For this project, I used a very common classified advertisement platform to scrape data from, using Beautifulsoup. The listing above shows a typical search result for Priuses. Notice in the link, there are options for hyperlink parameters. The keyword, 'sso' represents whether or not the listings are 'sale by owner' listings, as opposed to listings by dealerships. I scraped both types of listings, tracking the type. In addition, the beginning of the link has 'sfbay' which specifies city/area for the listing. This is a variable which will be changed to navigate to other listings. The rest of the parameters we'll keep the same. In total I scraped every single listing in the US in every available city. On this particular day, there were approximately 12.3k total listings.

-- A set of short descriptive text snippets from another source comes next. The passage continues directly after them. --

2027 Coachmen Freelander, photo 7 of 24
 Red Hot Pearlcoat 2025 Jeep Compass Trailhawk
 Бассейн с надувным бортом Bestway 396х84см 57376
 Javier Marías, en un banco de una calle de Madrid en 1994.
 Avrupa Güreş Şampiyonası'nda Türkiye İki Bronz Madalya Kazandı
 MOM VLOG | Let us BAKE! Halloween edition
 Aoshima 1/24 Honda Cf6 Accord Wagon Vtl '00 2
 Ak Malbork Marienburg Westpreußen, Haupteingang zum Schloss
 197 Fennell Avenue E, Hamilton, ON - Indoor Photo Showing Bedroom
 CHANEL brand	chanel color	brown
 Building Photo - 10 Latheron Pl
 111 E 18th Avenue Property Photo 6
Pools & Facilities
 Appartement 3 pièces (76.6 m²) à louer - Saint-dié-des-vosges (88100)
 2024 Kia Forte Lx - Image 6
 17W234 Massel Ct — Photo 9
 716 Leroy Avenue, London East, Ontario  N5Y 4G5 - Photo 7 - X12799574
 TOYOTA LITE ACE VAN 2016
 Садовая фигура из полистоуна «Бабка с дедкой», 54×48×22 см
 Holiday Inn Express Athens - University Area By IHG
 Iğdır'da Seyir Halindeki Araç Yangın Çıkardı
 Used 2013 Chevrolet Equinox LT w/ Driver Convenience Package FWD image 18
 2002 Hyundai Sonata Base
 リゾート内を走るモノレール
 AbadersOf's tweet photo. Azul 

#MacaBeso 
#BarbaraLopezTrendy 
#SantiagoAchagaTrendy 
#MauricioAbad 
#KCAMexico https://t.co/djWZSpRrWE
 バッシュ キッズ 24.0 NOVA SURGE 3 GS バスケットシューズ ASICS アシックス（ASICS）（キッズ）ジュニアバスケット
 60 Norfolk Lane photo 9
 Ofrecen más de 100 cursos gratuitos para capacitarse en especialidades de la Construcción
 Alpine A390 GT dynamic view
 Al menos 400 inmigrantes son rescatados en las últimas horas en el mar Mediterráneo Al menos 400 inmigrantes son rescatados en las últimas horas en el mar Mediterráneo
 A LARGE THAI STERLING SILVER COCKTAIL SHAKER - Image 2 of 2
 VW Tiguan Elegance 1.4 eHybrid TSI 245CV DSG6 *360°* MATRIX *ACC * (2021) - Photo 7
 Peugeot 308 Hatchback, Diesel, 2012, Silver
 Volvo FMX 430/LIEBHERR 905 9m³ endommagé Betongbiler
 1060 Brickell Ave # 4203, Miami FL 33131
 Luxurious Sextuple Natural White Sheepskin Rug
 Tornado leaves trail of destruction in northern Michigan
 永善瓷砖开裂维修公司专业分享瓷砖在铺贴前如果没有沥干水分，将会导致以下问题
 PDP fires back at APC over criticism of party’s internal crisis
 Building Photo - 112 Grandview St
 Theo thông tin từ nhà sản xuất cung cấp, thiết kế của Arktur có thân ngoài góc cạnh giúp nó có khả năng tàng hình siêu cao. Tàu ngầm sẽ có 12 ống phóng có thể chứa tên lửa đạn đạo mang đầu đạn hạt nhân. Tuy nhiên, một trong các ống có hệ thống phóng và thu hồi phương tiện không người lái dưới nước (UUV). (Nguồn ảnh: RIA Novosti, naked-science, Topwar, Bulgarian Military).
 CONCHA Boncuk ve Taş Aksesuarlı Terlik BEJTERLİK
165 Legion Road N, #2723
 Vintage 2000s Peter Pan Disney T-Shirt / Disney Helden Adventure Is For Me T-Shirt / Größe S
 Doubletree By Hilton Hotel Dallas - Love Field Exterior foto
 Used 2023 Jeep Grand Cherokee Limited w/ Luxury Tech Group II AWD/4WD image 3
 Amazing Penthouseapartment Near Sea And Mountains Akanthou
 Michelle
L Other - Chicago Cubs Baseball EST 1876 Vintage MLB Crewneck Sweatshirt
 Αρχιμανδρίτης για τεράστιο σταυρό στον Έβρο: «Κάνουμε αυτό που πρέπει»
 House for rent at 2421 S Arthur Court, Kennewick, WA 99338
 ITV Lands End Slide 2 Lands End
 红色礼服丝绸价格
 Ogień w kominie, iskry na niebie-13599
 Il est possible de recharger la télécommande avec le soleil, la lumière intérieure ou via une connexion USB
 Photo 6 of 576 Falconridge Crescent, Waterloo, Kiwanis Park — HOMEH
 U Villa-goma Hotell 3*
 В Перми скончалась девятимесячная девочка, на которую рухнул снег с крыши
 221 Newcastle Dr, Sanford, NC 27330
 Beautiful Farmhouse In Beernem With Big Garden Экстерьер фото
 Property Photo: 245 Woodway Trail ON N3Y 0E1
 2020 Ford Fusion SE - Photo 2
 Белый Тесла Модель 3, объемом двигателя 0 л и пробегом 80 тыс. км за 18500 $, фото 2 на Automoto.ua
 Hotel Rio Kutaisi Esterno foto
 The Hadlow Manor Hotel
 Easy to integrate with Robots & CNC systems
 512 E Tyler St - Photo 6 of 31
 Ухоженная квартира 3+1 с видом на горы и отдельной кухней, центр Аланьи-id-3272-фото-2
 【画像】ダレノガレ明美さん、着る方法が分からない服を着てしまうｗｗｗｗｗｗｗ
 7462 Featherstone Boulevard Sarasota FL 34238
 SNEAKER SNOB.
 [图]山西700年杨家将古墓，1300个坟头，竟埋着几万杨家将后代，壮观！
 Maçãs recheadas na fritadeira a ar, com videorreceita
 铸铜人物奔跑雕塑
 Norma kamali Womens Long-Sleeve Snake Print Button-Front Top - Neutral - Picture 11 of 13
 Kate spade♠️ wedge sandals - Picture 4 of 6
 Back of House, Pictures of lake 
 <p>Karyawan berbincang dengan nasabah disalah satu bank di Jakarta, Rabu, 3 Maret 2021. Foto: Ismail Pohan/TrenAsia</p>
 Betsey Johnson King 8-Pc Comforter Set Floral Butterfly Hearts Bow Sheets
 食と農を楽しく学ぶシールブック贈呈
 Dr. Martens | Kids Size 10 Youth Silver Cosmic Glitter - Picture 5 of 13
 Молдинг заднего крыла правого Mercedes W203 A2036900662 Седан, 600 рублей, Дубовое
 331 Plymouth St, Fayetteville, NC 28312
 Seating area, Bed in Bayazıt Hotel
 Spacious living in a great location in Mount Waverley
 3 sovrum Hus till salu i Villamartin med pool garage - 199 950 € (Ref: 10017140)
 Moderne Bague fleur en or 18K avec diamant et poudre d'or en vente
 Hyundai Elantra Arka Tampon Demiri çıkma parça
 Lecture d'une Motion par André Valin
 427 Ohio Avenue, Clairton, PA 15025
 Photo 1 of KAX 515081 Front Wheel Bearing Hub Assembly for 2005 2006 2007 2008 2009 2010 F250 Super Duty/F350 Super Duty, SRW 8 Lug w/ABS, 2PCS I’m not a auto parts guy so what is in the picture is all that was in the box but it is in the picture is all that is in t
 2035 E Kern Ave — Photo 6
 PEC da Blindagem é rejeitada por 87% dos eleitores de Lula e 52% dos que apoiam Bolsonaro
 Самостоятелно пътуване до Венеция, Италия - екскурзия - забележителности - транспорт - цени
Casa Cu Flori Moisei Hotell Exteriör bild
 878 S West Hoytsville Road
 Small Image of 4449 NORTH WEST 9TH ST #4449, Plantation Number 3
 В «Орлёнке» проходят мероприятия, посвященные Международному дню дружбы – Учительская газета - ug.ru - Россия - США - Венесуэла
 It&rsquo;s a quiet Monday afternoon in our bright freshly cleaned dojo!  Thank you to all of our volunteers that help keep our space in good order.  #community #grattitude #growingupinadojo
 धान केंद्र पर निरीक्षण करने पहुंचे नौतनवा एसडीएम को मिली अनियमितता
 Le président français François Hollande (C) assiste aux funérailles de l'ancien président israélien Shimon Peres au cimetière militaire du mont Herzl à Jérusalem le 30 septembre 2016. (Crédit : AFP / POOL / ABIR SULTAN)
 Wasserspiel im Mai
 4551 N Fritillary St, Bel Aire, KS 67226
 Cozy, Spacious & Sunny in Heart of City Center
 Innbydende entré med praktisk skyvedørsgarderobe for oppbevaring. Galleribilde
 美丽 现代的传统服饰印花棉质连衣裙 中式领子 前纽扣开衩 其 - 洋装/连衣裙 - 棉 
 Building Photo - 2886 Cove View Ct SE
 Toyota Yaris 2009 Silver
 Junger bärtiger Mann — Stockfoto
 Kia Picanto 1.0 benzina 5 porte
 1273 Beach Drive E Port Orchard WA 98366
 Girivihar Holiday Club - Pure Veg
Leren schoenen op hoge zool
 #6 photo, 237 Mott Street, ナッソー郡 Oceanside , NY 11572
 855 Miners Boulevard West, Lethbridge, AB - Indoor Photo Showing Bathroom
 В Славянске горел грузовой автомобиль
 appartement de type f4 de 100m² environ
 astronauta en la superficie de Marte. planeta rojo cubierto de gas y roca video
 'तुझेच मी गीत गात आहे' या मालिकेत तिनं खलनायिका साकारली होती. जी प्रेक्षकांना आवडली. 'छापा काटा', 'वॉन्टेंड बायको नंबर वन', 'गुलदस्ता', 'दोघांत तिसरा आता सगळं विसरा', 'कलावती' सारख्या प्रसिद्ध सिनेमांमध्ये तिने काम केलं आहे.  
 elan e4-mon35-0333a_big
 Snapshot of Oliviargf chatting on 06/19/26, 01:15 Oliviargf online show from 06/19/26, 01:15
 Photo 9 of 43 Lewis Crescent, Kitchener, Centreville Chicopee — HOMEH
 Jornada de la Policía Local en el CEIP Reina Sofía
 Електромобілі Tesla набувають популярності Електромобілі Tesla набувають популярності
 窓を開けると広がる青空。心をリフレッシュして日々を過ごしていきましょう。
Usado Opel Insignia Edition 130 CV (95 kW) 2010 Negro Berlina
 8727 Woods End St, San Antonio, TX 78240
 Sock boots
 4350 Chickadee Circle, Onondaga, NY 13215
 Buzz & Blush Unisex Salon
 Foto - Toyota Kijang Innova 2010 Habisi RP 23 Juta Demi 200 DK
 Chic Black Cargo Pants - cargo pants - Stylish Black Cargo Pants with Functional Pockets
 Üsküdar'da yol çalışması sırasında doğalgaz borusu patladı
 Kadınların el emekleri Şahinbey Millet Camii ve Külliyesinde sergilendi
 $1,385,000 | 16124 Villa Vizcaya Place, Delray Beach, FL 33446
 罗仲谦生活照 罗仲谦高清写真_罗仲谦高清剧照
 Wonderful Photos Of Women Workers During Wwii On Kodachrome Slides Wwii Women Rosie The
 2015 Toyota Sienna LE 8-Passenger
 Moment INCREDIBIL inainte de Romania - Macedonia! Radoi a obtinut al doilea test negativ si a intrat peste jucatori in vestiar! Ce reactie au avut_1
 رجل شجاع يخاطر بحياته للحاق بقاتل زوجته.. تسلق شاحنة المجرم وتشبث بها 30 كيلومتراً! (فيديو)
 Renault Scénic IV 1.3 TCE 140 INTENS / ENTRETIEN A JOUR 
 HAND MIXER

#### EDA/Feature Construction

Each search result/post had some number of pre-existing features such as a variable number of images, the text within the post itself, and some set of pre-filled car conditions to the right side, just below the location map. Such features included name of the listing (which often included the year of the car, which we can extract through regex), the condition of the car, the number of cylinder it has, type of drive, fuel, a numerical odometer status, paint color, etc. In addition to these features, I also created a few additional features such as the number of pictures within a post (nthumbs), the number of characters in a post (postlen), the age of the car (current year, 2018 at the time of this project, minus year of car), and an indicator for whether or not the listing was sso. In total, there were 39 total features, combining those that I created with things that pre-existed on the right hand side column. Furthermore, there were 49 states from which postings were scraped, totaling 344 cities. All of these additional features became categorical indicators, bringing the total number of features to 432.

There were many postings that were perhaps made in error, or placed in the wrong section, or just plain spam postings. While we can't remove every single one of these postings by hand, we can weed out the majority of them through sensible filtering. If no right hand column exists for a listing detailing its condition, we can exclude these postings. Since no Priuses existed before their market release in 1997, we can remove all such listing (I'm always reluctant to remove data, but age of the car will play a large role in our model, and we have a sufficient quantity of data anyways so we don't need to impute this kind of data). Furthermore, we assume listings under $1,000 and over $40,000 are not useful to us. They could have been made in error, like a wheel of a Prius being listed under car for sale by owner section (unless there's a special edition gold plated Prius somewhere someone is not telling me about), but they are simply not within the range for prediction that we are sensibly interested in anyways.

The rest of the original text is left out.